● **EXERCISE**
Look through the data that follows and work out how many lines contain the string "used". Nothing but that number should be given.

● **DATA PROVIDED**
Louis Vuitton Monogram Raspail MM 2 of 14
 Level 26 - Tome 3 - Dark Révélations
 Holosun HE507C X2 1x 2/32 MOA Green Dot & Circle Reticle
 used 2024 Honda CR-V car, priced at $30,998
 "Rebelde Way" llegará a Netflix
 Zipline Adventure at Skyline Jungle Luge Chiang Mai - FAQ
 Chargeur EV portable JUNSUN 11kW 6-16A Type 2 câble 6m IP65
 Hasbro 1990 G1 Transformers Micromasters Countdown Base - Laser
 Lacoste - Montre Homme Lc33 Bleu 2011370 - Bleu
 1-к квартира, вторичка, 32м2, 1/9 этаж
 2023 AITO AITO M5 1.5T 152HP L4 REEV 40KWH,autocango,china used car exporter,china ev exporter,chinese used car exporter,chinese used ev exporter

● **EXERCISE OUTPUT**
2